Monday, April 23, 2012

Article Review: Testing the Threat-Sensitive Hypothesis with Predator Familiarity and Dietary Specificity
http://onlinelibrary.wiley.com/doi/10.1111/j.1439-0310.2011.01983.x/full

After our field trip to the Donnelly Wildlife Management Center, I was totally inspired by our first find.  We caught not one, not two, but THREE Greater Sirens.  Finding these Siren lacertina was so intriguing because they are not amphibians that you see too often.  They tend to dwell in muddy, heavily vegetated Coastal Plains Wetlands across the south east.   Considering their habitat, the siren has many specializations that has allowed it to successfully thrive in these conditions, one specialization being chemosensory.  In this particular article that I read, Crawford et al. studied the Greater Siren's ability to detect predators, and they recorded their behavioral responses to determine if the siren could actually decipher how big of a threat the predator ac   tually was.  In natural settings, the mudsnake (Farancia abacura) and the banded water snake (Nerodia fasciata) are the Greater siren's naturally occurring  predators.  The mudsnake is a specialist who only eats salamanders while the banded water snake is a generalist and eats salamanders and a wider array of animals as well.  Logically, a smart siren would be much more cautious in the presence of a mudsnake than they would in the presence of the banded water snake right?  This is the threat-sensitive hypothesis in full effect.

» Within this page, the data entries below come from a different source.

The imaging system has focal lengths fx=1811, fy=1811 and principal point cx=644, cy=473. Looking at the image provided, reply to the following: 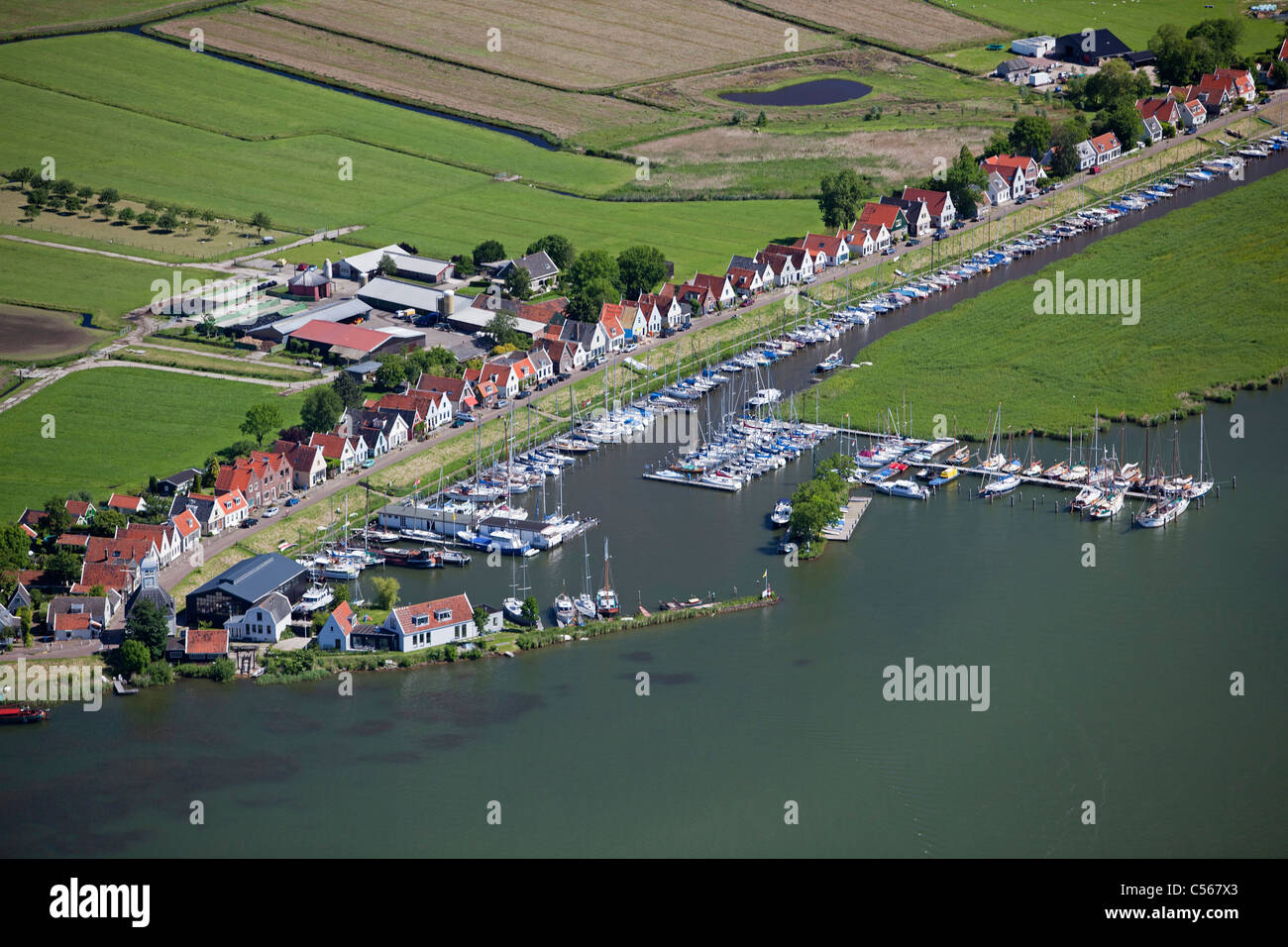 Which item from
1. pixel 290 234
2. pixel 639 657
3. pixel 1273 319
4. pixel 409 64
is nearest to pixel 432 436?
pixel 639 657

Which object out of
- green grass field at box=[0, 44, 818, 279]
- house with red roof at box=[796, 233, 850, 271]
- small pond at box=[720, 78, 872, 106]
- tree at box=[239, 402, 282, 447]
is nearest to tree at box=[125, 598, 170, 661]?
tree at box=[239, 402, 282, 447]

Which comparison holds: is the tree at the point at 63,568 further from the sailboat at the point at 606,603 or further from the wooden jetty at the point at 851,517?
the wooden jetty at the point at 851,517

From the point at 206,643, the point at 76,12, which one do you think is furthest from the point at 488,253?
the point at 76,12

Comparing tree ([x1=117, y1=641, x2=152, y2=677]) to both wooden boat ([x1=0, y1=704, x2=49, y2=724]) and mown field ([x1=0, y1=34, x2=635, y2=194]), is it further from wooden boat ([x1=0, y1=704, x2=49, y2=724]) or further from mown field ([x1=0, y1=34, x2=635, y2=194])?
mown field ([x1=0, y1=34, x2=635, y2=194])

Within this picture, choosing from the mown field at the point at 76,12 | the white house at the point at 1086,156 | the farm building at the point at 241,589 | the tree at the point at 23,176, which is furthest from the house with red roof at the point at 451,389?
the mown field at the point at 76,12

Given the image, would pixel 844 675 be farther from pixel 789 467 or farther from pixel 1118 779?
pixel 789 467

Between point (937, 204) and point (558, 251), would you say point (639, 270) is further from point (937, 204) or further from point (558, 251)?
point (937, 204) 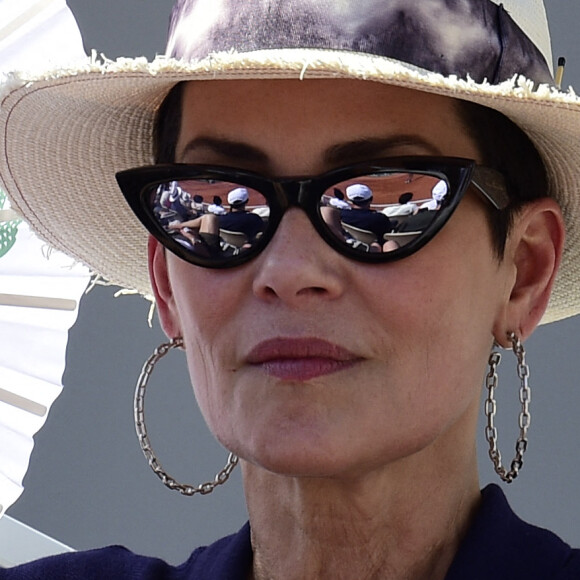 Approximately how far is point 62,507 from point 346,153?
1755mm

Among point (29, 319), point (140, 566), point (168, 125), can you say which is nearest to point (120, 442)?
point (29, 319)

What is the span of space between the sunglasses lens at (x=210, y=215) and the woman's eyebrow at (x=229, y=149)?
0.13 feet

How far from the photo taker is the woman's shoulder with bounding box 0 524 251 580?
5.49 feet

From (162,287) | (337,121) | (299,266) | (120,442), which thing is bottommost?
(120,442)

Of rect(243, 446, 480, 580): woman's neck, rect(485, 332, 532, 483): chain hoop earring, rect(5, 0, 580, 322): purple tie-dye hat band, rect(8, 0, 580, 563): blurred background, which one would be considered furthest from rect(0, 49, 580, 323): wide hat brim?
rect(8, 0, 580, 563): blurred background

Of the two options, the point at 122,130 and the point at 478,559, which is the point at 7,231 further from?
the point at 478,559

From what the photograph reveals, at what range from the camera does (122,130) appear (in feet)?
5.80

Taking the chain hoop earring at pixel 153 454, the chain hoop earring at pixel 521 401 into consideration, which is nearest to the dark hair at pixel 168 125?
the chain hoop earring at pixel 153 454

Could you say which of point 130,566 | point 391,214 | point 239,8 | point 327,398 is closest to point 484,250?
point 391,214

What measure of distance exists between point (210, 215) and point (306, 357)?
21cm

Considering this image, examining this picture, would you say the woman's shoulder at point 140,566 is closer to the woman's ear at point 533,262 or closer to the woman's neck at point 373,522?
the woman's neck at point 373,522

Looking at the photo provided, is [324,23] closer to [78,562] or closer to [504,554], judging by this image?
[504,554]

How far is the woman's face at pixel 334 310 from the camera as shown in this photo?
54.4 inches

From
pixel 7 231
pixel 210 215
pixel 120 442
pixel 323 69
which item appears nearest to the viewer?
pixel 323 69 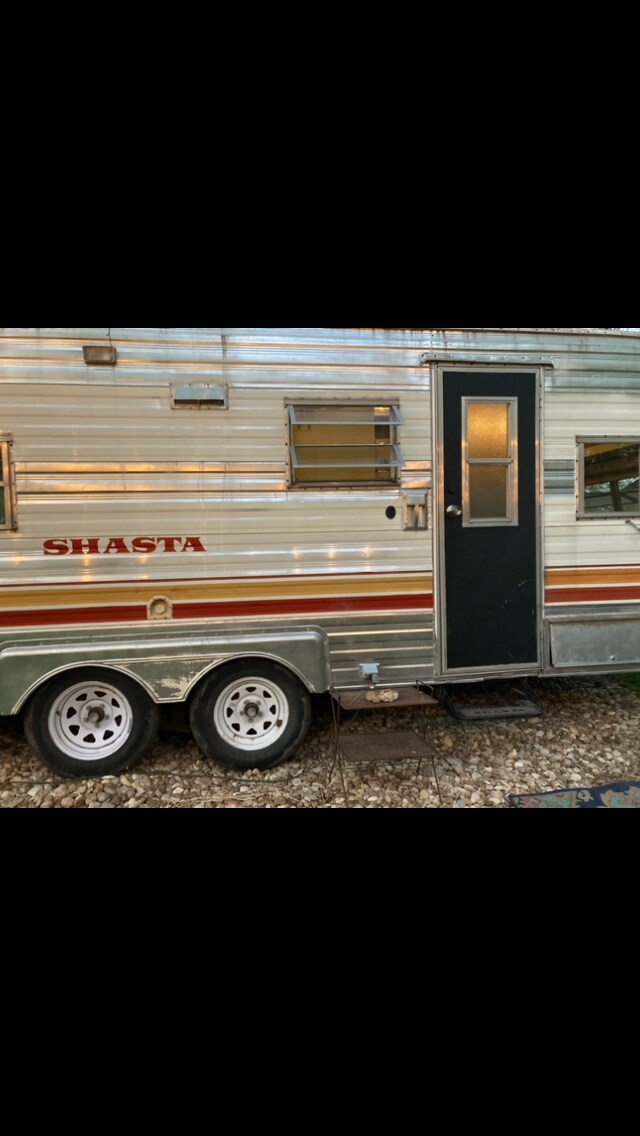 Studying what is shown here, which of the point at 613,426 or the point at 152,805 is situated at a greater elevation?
the point at 613,426

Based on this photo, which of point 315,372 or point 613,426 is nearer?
point 315,372

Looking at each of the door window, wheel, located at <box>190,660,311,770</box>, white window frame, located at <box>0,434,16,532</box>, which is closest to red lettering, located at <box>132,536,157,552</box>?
white window frame, located at <box>0,434,16,532</box>

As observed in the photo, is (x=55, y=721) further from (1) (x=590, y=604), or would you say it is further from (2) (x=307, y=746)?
(1) (x=590, y=604)

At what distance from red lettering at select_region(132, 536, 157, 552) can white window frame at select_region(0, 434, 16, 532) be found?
792mm

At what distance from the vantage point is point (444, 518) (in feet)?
13.1

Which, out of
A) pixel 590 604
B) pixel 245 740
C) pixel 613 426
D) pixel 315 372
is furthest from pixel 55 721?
pixel 613 426

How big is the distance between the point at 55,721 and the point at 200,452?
7.09ft

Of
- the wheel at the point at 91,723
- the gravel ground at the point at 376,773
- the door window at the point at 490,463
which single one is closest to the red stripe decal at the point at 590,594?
the door window at the point at 490,463

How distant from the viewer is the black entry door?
3994 mm

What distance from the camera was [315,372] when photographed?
3.76 m

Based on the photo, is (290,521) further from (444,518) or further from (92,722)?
(92,722)

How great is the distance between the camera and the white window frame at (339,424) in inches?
148

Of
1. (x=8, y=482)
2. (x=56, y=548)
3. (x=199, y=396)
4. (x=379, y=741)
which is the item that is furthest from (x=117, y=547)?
(x=379, y=741)

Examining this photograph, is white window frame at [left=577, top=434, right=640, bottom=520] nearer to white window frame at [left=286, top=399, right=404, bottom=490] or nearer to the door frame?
the door frame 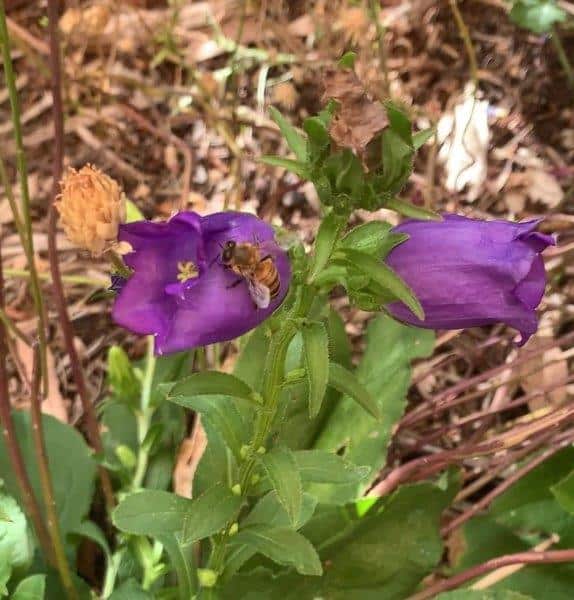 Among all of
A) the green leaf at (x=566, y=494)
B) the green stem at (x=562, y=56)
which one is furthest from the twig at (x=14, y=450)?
the green stem at (x=562, y=56)

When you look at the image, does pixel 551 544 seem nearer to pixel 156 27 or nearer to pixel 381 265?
pixel 381 265

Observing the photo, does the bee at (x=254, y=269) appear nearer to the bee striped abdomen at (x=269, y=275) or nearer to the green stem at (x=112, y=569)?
the bee striped abdomen at (x=269, y=275)

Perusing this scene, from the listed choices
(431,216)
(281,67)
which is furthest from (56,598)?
(281,67)

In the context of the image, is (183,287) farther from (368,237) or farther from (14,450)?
(14,450)

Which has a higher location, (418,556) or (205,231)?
(205,231)

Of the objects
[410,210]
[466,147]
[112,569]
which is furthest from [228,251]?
[466,147]

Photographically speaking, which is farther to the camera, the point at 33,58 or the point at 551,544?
the point at 33,58

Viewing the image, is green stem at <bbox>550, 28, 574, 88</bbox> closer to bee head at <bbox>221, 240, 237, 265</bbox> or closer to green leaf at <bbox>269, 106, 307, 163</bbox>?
green leaf at <bbox>269, 106, 307, 163</bbox> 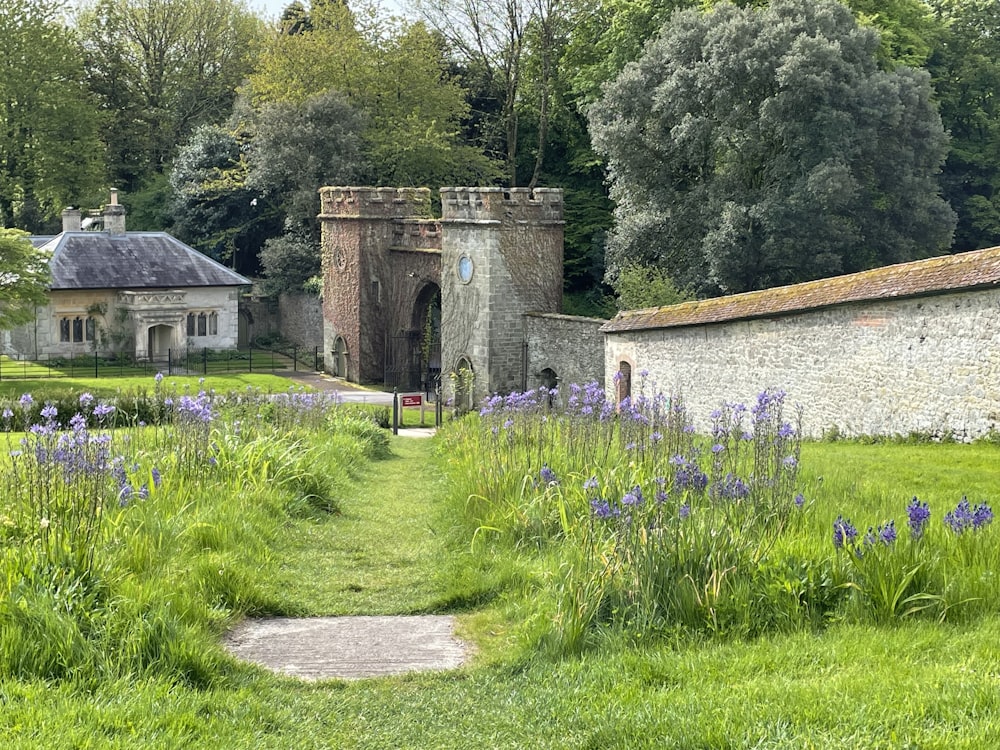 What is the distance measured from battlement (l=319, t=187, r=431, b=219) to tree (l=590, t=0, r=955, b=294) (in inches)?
374

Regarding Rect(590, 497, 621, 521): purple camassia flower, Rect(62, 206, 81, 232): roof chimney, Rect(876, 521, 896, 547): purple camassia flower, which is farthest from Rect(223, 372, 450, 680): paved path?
Rect(62, 206, 81, 232): roof chimney

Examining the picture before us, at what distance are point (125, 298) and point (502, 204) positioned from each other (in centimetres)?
1545

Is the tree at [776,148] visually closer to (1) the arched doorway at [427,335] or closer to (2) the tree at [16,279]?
(1) the arched doorway at [427,335]

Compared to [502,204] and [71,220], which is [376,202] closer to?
[502,204]

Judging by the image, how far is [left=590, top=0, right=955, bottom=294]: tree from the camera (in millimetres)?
27812

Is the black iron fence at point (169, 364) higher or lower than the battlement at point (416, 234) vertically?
lower

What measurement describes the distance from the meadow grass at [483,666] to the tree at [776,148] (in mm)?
18553

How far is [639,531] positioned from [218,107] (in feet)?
169

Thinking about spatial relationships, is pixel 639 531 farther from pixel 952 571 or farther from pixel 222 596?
pixel 222 596

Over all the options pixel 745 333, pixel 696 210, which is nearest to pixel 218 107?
pixel 696 210

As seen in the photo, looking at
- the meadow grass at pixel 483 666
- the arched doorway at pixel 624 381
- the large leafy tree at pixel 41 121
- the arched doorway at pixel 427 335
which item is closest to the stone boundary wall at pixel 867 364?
the arched doorway at pixel 624 381

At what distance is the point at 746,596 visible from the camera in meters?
7.16

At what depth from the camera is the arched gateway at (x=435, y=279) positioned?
107 ft

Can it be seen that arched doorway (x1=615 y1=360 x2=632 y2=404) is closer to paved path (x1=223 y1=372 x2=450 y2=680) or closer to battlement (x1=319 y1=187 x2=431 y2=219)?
paved path (x1=223 y1=372 x2=450 y2=680) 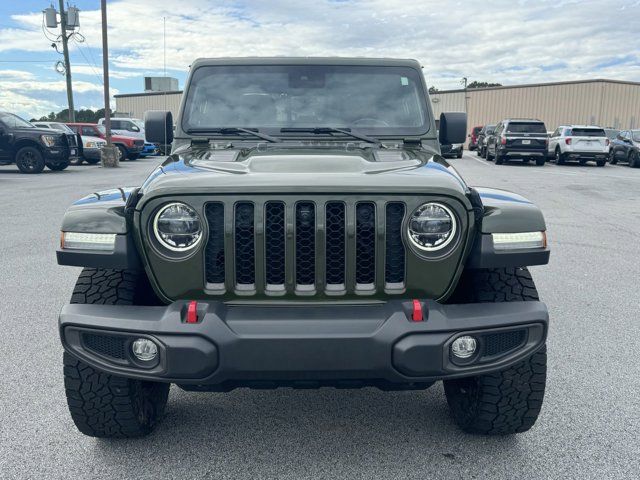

The experiment in this article took greater sirens captured from the wild and tested their responses to kairomone cues from the mudsnake (specialist), the banded water snake (generalist) and also a hognose snake who is not naturally found in the Siren's habitat.  Each siren was introduced to each species' kairomone and behavioral activities were recorded.  The initial response to all introduced kairomones was gill-flushing.  This is when the siren opens and closes it's mouth to flush water across it's gills.  This tells the observer that the kairomone has been detected by the siren.  Only when the mudsnake kairomone was introduced did the siren display reversing direction after cue detection.  This tells us a TON! The Siren is amazing, it can tell when a predator is around and it can determine through the kairomone that the predator is releasing just how big of a threat that predator actually is.  If that is  not fascinating I don't know what is.  Herps have ceased to amaze me!

I think that the sirens are an amazing and mysterious creature.  As soon as we found them on our trip I knew my last blog was going to be about them.  Then, when I went to do research I found that there really hasn't been much done on these mystical creatures.  Is this my calling?!?!?!

Autumn Anthony

1 comment:

Allison Welch said...

Very relevant - we've encountered both banded water snakes and mud snakes in that swamp. Sirens, beware!